Garry G wrote: ↑Sun Apr 14, 2019 2:49 pm
but clearly p & q => p is a theorem and so the argument ought to be true, and it is recognised as mistake if a program returns false.
Recognized by whom and why?
The problem of "define error" or "define a mistake" boils all the way up to human ethics. "Right" and "wrong".
This is where we will diverge. You treat logic as prescriptive and axioms of logic as laws. I don't. They are arbitrary choices.
They may be useful axioms. Useful to somebody and in some context, but I am free to reject them as and when it suits me if they get in my way.
The key thing to see here is that axioms are the product of arbitrary choice. And in turn - the theorems that result are the consequences of the axiom that you've chosen.
If I choose a different axiom - I will get different theorems.
Garry G wrote: ↑Sun Apr 14, 2019 2:49 pm
this is my understanding: the program arrives at the wrong answer because the programmer has failed to make two inputs mutually exclusive. And one slower signal just fails to get there in time to cancel the other signal.
Now look where you have ended up.
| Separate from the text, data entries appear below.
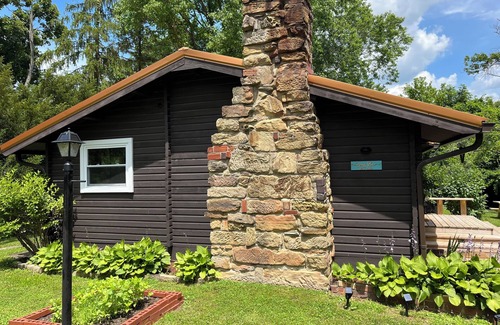 Athens Cabin | Bean’s Place - Adorable ridge top cabin five miles from Ohio University!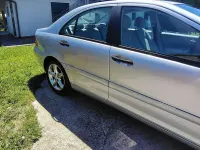 Usata Mercedes C220 Classic 143 CV (105 kW) 2003 Argento Berlina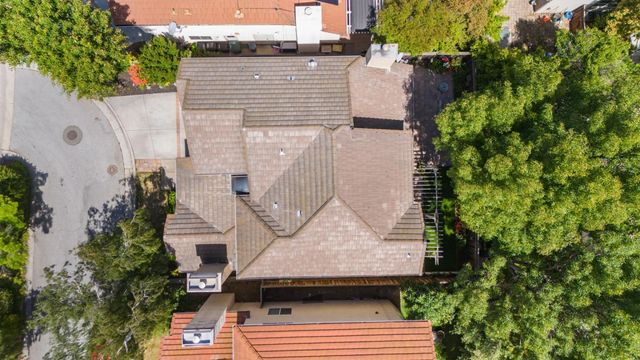 17992 Hillwood Lane, Morgan Hill, CA 95037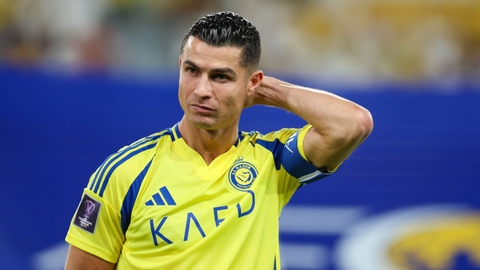 رونالدو يضع شروطاً للبقاء مع النصر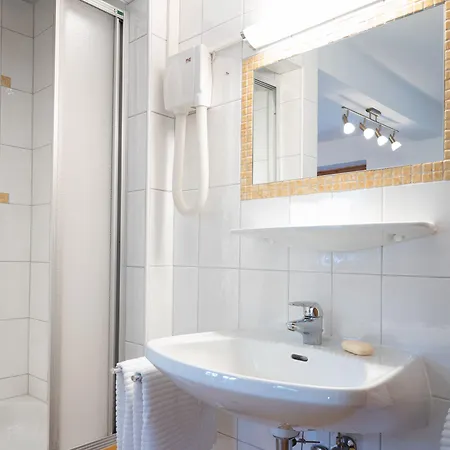 Haus Katharina Апартаменты *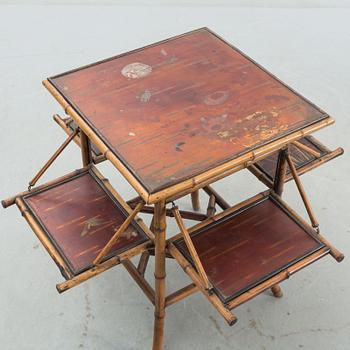 BORD, japansk stil, tidigt 1900-tal.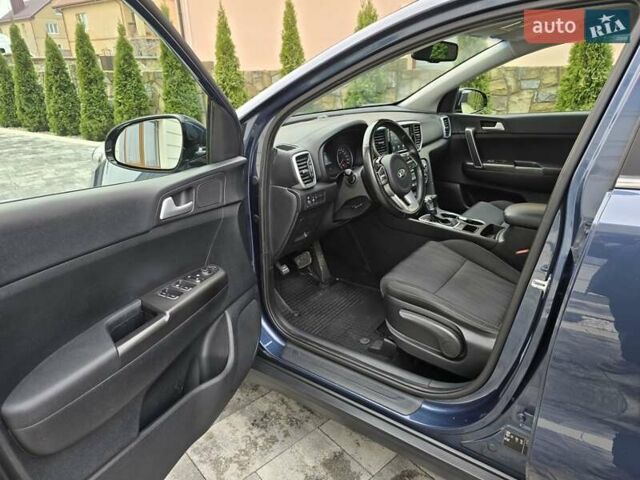 Синій Кіа Sportage, об'ємом двигуна 1.6 л та пробігом 86 тис. км за 15950 $, фото 16 на Automoto.ua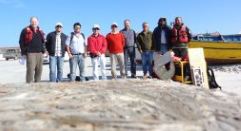 Medewerkers van De Watergroep en lokale vertegenwoordigers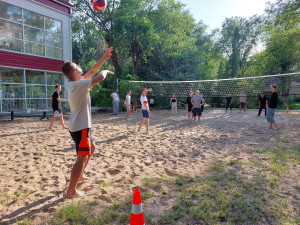 Со счетом 2:1 сборная лагеря выиграла матч по волейболу против педагогического состава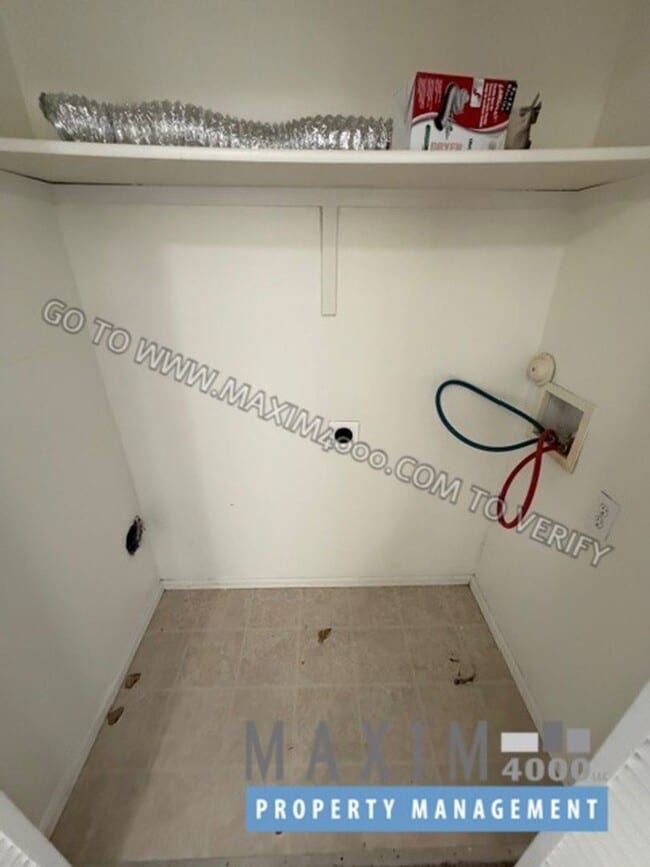 Building Photo - 483 David Ct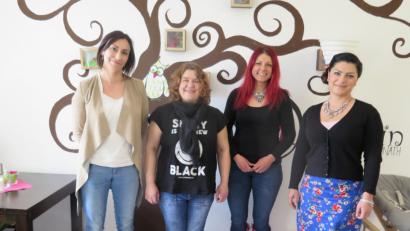 Bild: jzk
Jessika Wöhrl-Neuber (Dritte von links) begrüßte Linda Narius, Michaela Schraml und Ramona Kriegler (von links) im Familienzentrum Mittendrin zur Vorbesprechung für die neue Selbsthilfegruppe „Zwangsstörungen“.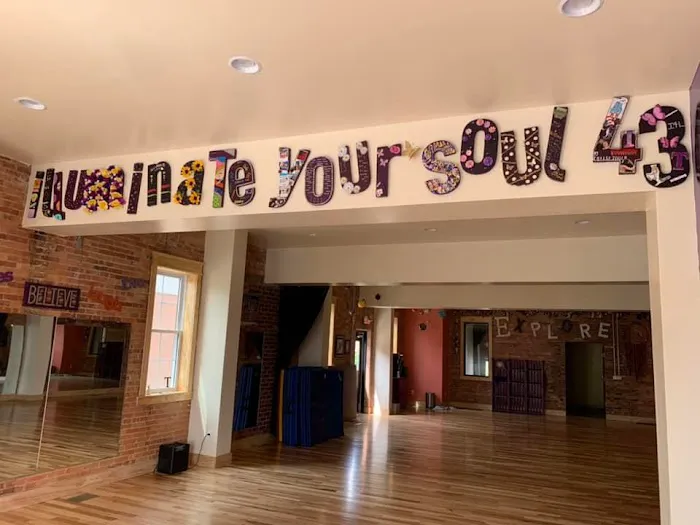 IlluminaTe Dance and Arts Center Picture 1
You are already claiming that you know what the "right" answer is.
If you already know the truth - what do you need logic for?
The most important development in logic in the last 100 years is the
Curry-Howard correspondence
It says that a mathematical proof is the same beast as a computer algorithm.
And so in a constructivist paradigm p and q are objects. ANY mathematical objects. That behave in any way you can imagine them behaving.
And this statement is nothing more than a proposition: p & q => p
IF I can find values for p and q such that the above evaluates to "true" then that is proof for your claim.
Garry G wrote: ↑Sun Apr 14, 2019 2:49 pm
I'm assuming that his kind of problem is not just down to bad circuit design and bad programming. If it is just bad design then my answer is the same as the picture of the tank and pipe. The design is fixable.
The design is fixable. Logic is not.
Logic is not what you think it is. It's not a source of truth. It's a framework for computation.
Garry G wrote: ↑Sun Apr 14, 2019 2:49 pm
This is not a logical problem and the logical principles are not in any danger.
What would you say the "logical principles" are?
Identity? x = x ⇔ True
I can (have) constructed systems where it evaluates to False.
non-contradiction? (p & ~p) ⇔ False
I can (have) constructed logical systems where it evaluates to True.
Axioms.... All axioms are arbitrary.
Aristotelian logic is dead. Church and Turing killed it.